12 de mayo de 2013

ASCENSIÓN DEL SEÑOR (Año C)

Homilía predicada por el P. José Alegre, abad de Poblet
Hech 1,1-11; Salm 46,2-3.6-9; Ef 1,17-23; Lc 24,46-53

«Dios asciende entre aclamaciones, el Señor al son de trompetas», canta el salmista describiéndonos un escenario grandioso, de victoria y de fiesta. La escena que nos sugiere es majestuosa, de una belleza singular. Por esto nos invita a sumarnos a la fiesta, a la alegría de la victoria de Cristo: «Batid palmas, aclamad con gritos de júbilo, tocad con maestría, cantad himnos. Dios reina».

¿Dios reina? ¡Dios reina, domina en tu vida? ¿Dios está sentado en el espacio precioso, único, de tu corazón?

Es oportuno recordar las palabras del abad Guerric en su sermón sobre la Ascensión: «¿Pensáis que podrá ascender, volar súbitamente de la tierra al cielo quien ahora no aprende a volar mediante el ejercicio y la práctica cotidianos? ¿Acaso Cristo, como el águila, no incita a volar a sus polluelos (Deut 32,11) cuando revoloteaba sobre ellos, cuando a su vista era elevado y durante tiempo ellos le seguían mirando? Por una parte procuraba atraer hacia arriba, en pos de sí, sus corazones a impulsos del amor, y por otra les prometía, con el ejemplo de su cuerpo, que sus cuerpos podrían ser elevados de la misma manera. Condescendiendo con tu debilidad, extenderá sus alas, te tomará y te llevará sobre sus hombros, con tal de que no seas un aguilucho degenerado, con tal de que no temas ser levantado de la tierra y disfrutar de un aire puro».

¿Cómo extenderá sus alas sobre nosotros? Por medio de su Espíritu que enviará inmediatamente.

El relato de la Ascensión, como nos sugiere la Palabra de Dios viene a establecer una separación de dos hechos: El tiempo de Jesús y el tiempo del Espíritu. La Ascensión es el final de una época salvífica, de la llamada de Israel y del testimonio ante los poderes de este mundo.

San Lucas ha tenido cuidado en diferenciar cada uno de estos momentos: por un lado lo que los hombres hicieron dando muerte a Jesús (hecho cerrado y verificado por la sepultura), lo que Dios hizo con Jesús (hecho concluido y abierto por las apariciones); lo que hizo Jesús, una vez resucitado, derramando el Espíritu sobre los Apóstoles.

La Ascensión separa dos momentos, dos tiempos fundamentales: la vida y la obra de Jesús, como Dios anonadado, revestido de nuestra frágil naturaleza, para abrirnos el camino a Dios, para decirnos que estamos destinados a la vida, a ser introducidos en la gloria del Dios vivo. Y por otro lado la obra del Espíritu. «Os conviene que yo me vaya, pues así os enviaré el Espíritu que os enseñará todo, os llevará a la verdad completa».

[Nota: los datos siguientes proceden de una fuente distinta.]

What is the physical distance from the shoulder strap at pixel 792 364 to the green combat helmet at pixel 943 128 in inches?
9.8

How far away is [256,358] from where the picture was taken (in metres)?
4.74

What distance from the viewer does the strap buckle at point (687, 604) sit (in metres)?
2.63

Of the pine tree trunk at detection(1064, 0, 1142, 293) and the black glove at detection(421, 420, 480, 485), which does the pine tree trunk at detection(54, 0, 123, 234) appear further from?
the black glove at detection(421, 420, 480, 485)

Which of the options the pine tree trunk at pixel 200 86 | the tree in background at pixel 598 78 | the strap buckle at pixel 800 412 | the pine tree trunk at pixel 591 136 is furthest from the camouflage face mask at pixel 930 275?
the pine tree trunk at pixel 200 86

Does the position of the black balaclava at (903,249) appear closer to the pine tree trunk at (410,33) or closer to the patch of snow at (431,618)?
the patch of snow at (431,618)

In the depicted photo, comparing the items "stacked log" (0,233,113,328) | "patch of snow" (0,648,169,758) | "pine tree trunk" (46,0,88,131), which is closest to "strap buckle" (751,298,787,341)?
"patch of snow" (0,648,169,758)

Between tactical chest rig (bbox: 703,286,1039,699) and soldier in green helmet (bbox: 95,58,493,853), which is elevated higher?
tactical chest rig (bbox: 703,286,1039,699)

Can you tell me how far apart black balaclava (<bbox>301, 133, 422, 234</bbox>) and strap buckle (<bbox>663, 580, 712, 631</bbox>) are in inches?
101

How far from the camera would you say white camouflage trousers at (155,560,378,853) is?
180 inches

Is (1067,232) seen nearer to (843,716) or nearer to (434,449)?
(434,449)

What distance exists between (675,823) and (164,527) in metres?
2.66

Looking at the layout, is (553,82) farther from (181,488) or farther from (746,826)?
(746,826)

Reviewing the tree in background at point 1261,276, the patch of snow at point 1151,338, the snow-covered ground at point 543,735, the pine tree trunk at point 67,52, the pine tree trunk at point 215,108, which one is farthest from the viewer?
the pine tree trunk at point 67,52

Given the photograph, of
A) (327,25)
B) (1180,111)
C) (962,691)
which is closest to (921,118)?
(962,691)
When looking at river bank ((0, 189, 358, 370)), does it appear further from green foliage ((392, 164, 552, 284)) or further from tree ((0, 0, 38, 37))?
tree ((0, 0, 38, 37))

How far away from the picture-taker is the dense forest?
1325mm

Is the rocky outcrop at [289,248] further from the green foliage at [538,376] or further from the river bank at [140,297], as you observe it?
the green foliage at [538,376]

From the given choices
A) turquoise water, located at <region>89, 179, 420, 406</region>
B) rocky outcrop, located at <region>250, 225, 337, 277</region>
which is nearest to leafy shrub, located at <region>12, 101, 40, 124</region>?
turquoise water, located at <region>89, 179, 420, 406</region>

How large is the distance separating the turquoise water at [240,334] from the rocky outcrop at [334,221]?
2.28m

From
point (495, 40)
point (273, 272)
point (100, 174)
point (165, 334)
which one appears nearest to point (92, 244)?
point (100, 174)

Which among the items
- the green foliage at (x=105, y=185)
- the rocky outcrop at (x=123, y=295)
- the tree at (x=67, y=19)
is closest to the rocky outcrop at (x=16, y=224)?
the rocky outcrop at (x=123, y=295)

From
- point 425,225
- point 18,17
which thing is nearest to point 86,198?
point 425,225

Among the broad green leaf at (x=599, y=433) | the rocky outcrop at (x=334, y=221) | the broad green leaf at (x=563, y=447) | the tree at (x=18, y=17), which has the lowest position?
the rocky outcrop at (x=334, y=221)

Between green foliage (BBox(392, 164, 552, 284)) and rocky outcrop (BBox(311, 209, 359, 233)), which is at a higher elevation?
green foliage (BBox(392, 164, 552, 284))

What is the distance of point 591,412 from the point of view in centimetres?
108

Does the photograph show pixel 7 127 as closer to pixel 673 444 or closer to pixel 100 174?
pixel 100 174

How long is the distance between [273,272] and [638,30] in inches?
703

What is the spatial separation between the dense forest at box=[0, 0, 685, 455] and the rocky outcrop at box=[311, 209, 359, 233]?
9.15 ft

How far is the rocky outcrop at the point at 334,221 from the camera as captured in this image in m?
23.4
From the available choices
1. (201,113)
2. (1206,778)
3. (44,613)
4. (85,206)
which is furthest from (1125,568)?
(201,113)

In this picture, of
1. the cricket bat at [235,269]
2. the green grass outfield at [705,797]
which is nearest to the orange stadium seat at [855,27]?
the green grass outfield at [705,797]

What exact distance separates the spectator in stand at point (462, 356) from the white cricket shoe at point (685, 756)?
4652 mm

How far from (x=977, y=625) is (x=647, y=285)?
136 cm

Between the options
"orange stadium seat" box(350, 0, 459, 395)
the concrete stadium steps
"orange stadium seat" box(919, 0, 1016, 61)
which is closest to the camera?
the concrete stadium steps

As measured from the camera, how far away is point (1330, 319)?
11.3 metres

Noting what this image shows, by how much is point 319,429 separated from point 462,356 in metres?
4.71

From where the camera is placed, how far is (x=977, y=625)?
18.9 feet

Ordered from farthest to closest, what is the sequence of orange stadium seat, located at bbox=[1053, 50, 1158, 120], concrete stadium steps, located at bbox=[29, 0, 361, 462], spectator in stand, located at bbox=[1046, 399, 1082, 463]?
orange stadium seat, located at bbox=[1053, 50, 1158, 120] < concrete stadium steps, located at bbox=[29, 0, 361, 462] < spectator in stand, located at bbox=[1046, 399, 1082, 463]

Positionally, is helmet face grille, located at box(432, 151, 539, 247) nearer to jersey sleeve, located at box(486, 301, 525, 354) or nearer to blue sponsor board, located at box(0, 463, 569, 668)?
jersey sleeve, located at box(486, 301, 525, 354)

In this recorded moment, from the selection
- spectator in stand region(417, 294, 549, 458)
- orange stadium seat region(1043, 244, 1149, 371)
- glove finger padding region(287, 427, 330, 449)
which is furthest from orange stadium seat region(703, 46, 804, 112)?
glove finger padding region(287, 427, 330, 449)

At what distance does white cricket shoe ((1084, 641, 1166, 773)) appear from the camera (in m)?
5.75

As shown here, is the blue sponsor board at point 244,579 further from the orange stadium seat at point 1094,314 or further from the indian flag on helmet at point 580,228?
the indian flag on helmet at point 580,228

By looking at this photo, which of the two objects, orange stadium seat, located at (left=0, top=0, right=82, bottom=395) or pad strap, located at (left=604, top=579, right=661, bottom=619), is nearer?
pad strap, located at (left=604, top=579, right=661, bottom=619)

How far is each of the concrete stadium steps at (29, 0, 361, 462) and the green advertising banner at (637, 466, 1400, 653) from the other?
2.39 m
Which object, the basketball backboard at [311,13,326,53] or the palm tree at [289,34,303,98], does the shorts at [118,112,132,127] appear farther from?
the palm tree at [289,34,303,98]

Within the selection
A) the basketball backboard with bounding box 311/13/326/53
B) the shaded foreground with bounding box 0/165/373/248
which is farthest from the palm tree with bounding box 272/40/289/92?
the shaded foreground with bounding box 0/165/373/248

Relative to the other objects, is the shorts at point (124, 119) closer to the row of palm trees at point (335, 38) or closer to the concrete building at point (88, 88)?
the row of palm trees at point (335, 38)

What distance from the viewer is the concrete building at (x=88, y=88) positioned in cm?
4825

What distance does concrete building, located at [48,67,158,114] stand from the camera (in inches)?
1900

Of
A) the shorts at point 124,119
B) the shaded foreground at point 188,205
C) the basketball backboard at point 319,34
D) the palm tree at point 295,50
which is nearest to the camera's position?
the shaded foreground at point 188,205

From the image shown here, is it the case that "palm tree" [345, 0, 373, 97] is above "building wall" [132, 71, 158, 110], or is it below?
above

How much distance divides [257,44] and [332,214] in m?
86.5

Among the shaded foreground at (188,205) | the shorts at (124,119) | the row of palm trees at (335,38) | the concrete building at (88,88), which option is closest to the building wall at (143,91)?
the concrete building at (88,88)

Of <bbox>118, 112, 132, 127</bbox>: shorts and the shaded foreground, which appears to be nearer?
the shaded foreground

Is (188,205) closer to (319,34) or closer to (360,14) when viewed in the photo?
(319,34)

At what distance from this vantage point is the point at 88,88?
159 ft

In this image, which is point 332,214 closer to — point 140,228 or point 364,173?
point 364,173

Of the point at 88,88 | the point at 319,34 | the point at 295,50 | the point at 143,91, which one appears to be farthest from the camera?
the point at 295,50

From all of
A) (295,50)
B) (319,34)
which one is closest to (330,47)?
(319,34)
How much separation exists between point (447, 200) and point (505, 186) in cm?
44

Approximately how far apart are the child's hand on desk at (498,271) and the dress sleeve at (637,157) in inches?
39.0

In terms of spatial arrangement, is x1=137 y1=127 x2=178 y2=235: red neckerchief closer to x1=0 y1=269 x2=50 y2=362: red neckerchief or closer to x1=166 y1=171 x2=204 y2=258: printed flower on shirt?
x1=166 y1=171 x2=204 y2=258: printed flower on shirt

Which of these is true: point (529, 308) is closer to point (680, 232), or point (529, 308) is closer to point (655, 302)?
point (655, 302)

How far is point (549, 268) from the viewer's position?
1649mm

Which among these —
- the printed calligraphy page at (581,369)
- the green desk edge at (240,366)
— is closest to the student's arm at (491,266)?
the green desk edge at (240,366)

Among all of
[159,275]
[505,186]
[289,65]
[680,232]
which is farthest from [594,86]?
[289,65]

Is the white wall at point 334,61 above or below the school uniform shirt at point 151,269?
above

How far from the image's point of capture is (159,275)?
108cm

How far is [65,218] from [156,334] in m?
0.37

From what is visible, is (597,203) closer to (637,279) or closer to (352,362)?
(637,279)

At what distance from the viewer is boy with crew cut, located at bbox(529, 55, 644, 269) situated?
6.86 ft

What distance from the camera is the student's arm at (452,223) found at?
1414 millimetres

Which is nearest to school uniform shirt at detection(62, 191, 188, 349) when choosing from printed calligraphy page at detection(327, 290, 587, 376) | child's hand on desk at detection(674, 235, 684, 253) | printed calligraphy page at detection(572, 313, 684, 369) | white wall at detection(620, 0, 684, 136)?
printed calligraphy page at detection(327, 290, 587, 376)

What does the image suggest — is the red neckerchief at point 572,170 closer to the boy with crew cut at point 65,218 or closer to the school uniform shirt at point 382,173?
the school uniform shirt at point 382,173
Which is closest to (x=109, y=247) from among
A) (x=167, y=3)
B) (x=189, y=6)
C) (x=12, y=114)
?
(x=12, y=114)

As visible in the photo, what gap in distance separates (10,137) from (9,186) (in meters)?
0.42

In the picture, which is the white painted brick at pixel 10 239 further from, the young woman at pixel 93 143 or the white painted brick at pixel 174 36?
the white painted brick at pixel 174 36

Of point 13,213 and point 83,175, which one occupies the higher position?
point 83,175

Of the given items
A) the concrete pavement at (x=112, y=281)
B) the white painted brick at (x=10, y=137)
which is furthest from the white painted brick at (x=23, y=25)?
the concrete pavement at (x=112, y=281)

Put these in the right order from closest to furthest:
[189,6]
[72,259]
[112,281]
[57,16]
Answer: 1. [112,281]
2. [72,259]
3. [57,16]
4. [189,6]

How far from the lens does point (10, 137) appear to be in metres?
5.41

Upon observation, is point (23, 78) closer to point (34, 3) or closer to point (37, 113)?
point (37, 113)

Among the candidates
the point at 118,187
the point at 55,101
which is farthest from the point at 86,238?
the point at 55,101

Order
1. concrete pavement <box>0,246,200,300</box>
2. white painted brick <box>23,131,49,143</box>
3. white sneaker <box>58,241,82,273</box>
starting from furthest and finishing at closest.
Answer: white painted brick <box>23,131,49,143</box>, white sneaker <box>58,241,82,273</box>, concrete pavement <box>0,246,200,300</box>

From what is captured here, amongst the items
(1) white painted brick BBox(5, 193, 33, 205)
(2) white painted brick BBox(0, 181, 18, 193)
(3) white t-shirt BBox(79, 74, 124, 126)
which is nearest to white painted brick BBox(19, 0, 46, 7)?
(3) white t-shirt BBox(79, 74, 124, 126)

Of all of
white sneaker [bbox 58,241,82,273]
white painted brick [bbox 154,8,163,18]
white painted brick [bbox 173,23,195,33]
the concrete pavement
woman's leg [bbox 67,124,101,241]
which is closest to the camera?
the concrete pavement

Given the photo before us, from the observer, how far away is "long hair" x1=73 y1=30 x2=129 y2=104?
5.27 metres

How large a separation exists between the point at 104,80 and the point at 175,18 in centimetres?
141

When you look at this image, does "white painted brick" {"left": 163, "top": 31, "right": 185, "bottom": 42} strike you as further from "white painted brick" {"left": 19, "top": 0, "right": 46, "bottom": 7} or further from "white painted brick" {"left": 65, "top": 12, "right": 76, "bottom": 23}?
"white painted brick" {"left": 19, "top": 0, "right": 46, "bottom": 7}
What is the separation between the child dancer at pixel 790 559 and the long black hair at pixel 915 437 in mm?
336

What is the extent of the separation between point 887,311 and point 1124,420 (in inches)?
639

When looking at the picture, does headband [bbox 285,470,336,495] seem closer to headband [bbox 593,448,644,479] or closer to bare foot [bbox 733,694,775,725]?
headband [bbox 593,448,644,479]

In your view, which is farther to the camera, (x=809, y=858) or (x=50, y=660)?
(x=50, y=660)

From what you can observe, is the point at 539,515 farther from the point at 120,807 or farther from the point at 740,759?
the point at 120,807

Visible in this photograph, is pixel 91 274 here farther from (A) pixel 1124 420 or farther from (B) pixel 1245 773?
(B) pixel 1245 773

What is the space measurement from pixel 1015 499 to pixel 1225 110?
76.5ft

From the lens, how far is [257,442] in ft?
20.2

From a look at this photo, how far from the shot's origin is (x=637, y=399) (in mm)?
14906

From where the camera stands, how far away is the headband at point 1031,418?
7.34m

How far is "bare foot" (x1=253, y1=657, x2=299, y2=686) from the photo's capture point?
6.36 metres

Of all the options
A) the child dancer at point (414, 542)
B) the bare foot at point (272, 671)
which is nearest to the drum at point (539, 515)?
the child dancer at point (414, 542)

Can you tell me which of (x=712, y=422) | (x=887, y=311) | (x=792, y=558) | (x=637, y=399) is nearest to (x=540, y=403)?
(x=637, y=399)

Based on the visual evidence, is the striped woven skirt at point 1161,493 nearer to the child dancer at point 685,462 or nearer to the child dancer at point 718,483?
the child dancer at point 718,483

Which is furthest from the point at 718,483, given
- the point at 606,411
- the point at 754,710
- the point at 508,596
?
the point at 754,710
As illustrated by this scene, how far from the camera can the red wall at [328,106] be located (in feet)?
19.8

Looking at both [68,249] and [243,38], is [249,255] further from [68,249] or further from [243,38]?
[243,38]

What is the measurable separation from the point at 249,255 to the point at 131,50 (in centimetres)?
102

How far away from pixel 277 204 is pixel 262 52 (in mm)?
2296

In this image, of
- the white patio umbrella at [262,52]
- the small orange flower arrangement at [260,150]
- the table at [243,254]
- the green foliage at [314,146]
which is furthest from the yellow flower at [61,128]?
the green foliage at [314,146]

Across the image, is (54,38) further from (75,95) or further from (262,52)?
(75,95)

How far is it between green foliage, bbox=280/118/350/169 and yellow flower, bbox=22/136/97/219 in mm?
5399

Entre la obra de Jesús y la obra del Espíritu, el momento de la Ascensión, que anuncia también, como dice la oración colecta, «nuestra victoria, que estamos destinados a participar de la gloria a donde hoy llega él». La Ascensión es el momento en que Cristo incita a volar, como el águila a sus polluelos.

Pero este ejercicio de volar no es como si él estuviese describiendo movimientos encima de nuestras cabezas, como pueden ser las piruetas de un ejercicio acrobático en el aire.

Este ejercicio es más bien una invitación a un tiempo de plegaria como nos sugiere san Pablo: «para que nos conceda una comprensión profunda de su misterio, para que nos conceda los dones de su revelación, de su Palabra para que lleguemos a comprender la esperanza a la que nos llama, las riquezas de gloria que nos tiene preparadas, y sobre todo y por encima de todo para que lleguemos a comprender la grandeza del inmenso poder que obra en nosotros los creyentes, es decir la eficacia de su fuerza, que es la misma que resucitó a Cristo de entre los muertos».

Es decir una llamada a preparar nuestros corazones para obrar y vivir en sintonía con la fuerza de Dios, con la fuerza y sabiduría del Espíritu de Jesús.

Una llamada a prepararnos para vivir llevados por este Espíritu de Jesús en nuestra vida de fe, en el camino de esta vida. A vivir con una luz nueva. La Ascensión es la invitación a vivir un salto profundo, que viene a ser el salto de la fe. Escribe san Agustín: «Ahora ya no se encuentra a Cristo hablando en la tierra, sino desde el cielo. Me elevo al cielo, pero estoy todavía en la tierra. Allá sentado a la derecha del Padre; aquí padeciendo todavía hambre y sed y siendo peregrino».

Así que no podemos estar mirando al cielo, sino abrir los ojos del corazón y contemplarlo aquí en la tierra.